Like Ray telling PBS interviewer Gwen Ifill: “I think that Mr. Toyoda wouldn’t be here today if it weren’t for Ray LaHood calling him and our people going to Japan and telling them this is serious.” Or, Ray telling NPR talk show host Diane Rehm “Diane, you and I have had discussions about airline safety before on your show and you know that nobody cares as much about safety as Ray LaHood.”
Why does a person talk about himself that way? If you are under three years old, pediatricians considered a linguistic quirk of toddlerhood. If you are over thirty, psychologists consider it a narcissistic personality trait.
Move over, famous illeists, Richard Nixon, Herman Cain, Jimmy in Seinfeld and every professional athlete – and make room on the bench for Mister Ray LaHood.
2. Outstanding Projectionist
When Ray LaHood is annoyed – hoo-boy, don’t you know it. In February 2011, the National Highway Traffic Safety Administration released two reports purporting to resolve the question of whether electronics could be the source of Toyota Unintended Acceleration complaints. The agency kept a very tight lid on their release, handing them out to select journalists only an hour before the press conference. Both reports were lengthy, dense and highly redacted. But, writers gotta write and deadlines don’t move. Then Ray made the news show rounds complaining that the media hadn’t read the report. We read the reports, and re-read them, and we know, after listening to Ray’s characterization of its contents, that Ray did not read the reports, either.
Maybe in retirement, he’ll get around to it.
3. Undeterred by Facts
“The jury is back,” he announced. “The verdict is in. There is no electronic-based cause for unintended high-speed acceleration in Toyotas. Period.”
This pronouncement, more than any Ray LaHood made in his four-year tenure, really fried our butts.

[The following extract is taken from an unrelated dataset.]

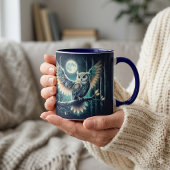 Mystical Moon Owl Celestial Forest Glow Tasse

The twin reports, Technical Assessment of Toyota Electronic Throttle Control (ETC) Systems and Technical Support to the National Highway Traffic Safety Administration on the Reported Toyota Motor Corporation Unintended Acceleration Investigation, actually said:
“Due to system complexity which will be described and the many possible electronic hardware and software systems interactions, it is not realistic to attempt to ‘prove’ that the ETCS-i cannot cause UAs. Today’s vehicles are sufficiently complex that no reasonable amount of analysis or testing can prove electronics and software have no errors. Therefore, absence of proof that the ETCS-i has caused a UA does not vindicate the system.”
The latter report, by the NASA Engineering Safety Center showed that there were several scenarios in which engine speed can be increased, RPMs can surge, and the throttle can be opened to various degrees in contradiction to the driver’s command, and not set a Diagnostic Trouble Code (DTC). Among those causes of electronic malfunction in some Toyota vehicles the investigators found were tin whiskers in the Accelerator Pedal Position Sensor (APPS) of potentiometer-type pedals. The NESC and NHTSA teams did not engage independent engineers with expertise in vehicle engine management design, validation and testing to assist them, they allowed Toyota and Exponent to guide this research. To boot, the lauded space agency never examined components from any vehicles that experienced high-speed UA events – the very focus of the lengthy technical tome.
LaHood’s willingness to elide the facts in favor of a sound-bite that puts the matter to rest hurt every Toyota owner.